- DVD cover
- Directed by: Reuben Leder
- Written by: Reuben Leder
- Produced by: Kaj Holmberg; Jutta Rabe;
- Starring: Greta Scacchi; Jürgen Prochnow; Rein Oja; Donald Sutherland;
- Cinematography: Nicolas Joray; Robert Nordström;
- Edited by: Alan Strachan
- Music by: Mauri Sumén
- Production companies: Top Story Filmproduction; Smile Entertainment;
- Distributed by: Buena Vista International (Germany); Boulevard Entertainment (United Kingdom);
- Release date: 16 October 2003;
- Running time: 110 minutes
- Countries: Germany; United Kingdom;
- Language: English

= Baltic Storm =

2003 film by Reuben Leder

Baltic Storm is a 2003 film written and directed by Reuben Leder about the 1994 MS Estonia disaster.
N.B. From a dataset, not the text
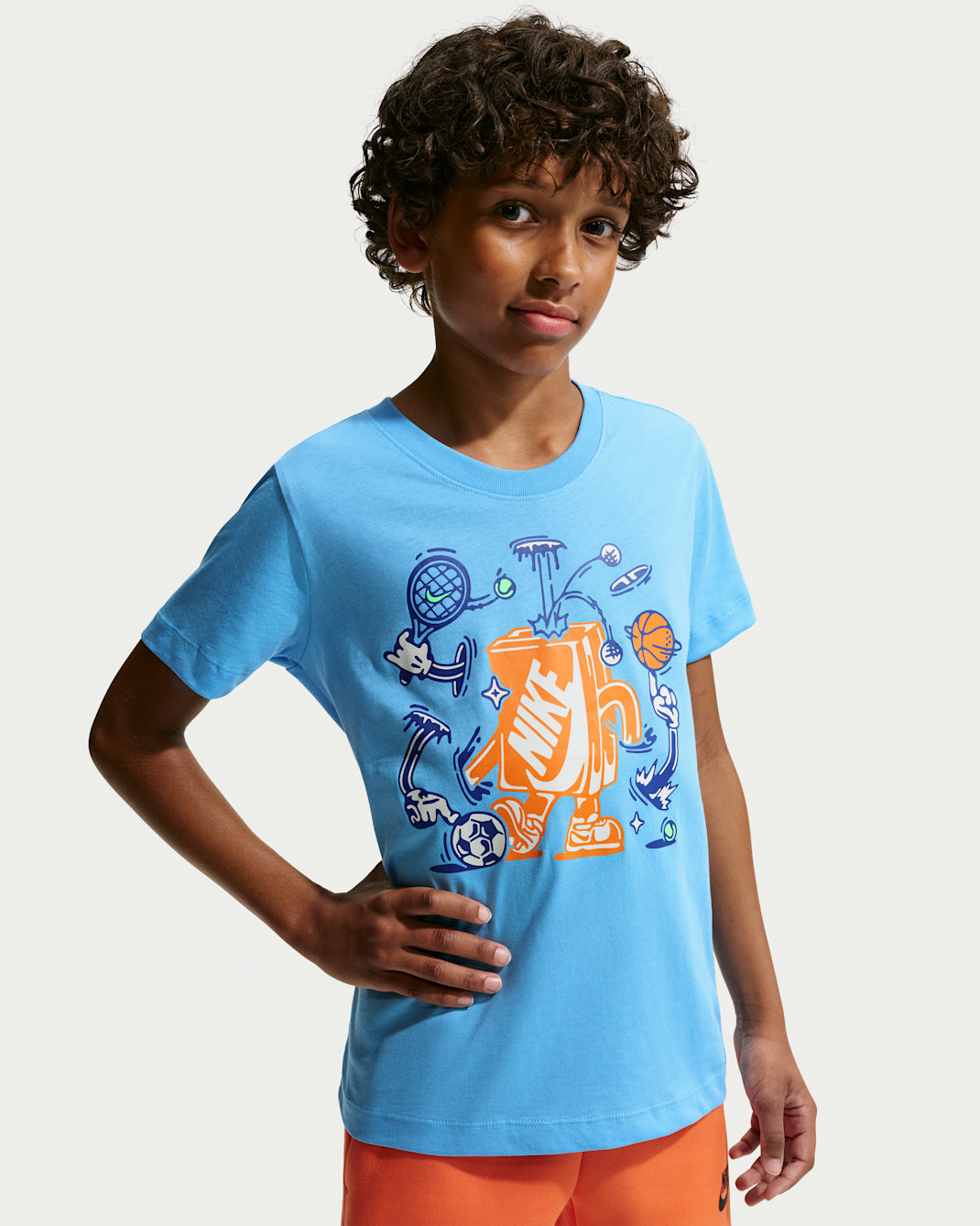 Nike Sportswear Older Kids' T-Shirt - Football Blue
Based on the book Die Estonia: Tragödie eines Schiffsuntergangs by German journalist Jutta Rabe, the film focuses on the supposed transport of defense materials by the Swedish Armed Forces, and alleged cover-up of the true cause of the disaster.

==Plot==
The plot portrays the Swedish government as being responsible for using the ship to covertly transport Russian high-tech components to the United States. The story is uncovered by a young female journalist, not unlike Rabe herself. According to Rabe, divers hired by the Swedish government (signing contracts swearing lifetime secrecy) spent hours breaking into cabins frantically searching for a black attaché case carried by a Russian space technology dealer, Aleksandr Voronin (who died 2002). She highlighted US interest in various Soviet technology, including nuclear-powered satellites. She also suggested that panic about the stability of some form of nuclear device is the most likely reason behind the initial Swedish government suggestion of burying the wreck in concrete, a highly unusual proposal for a wreck, reminiscent of Chernobyl's sarcophagus.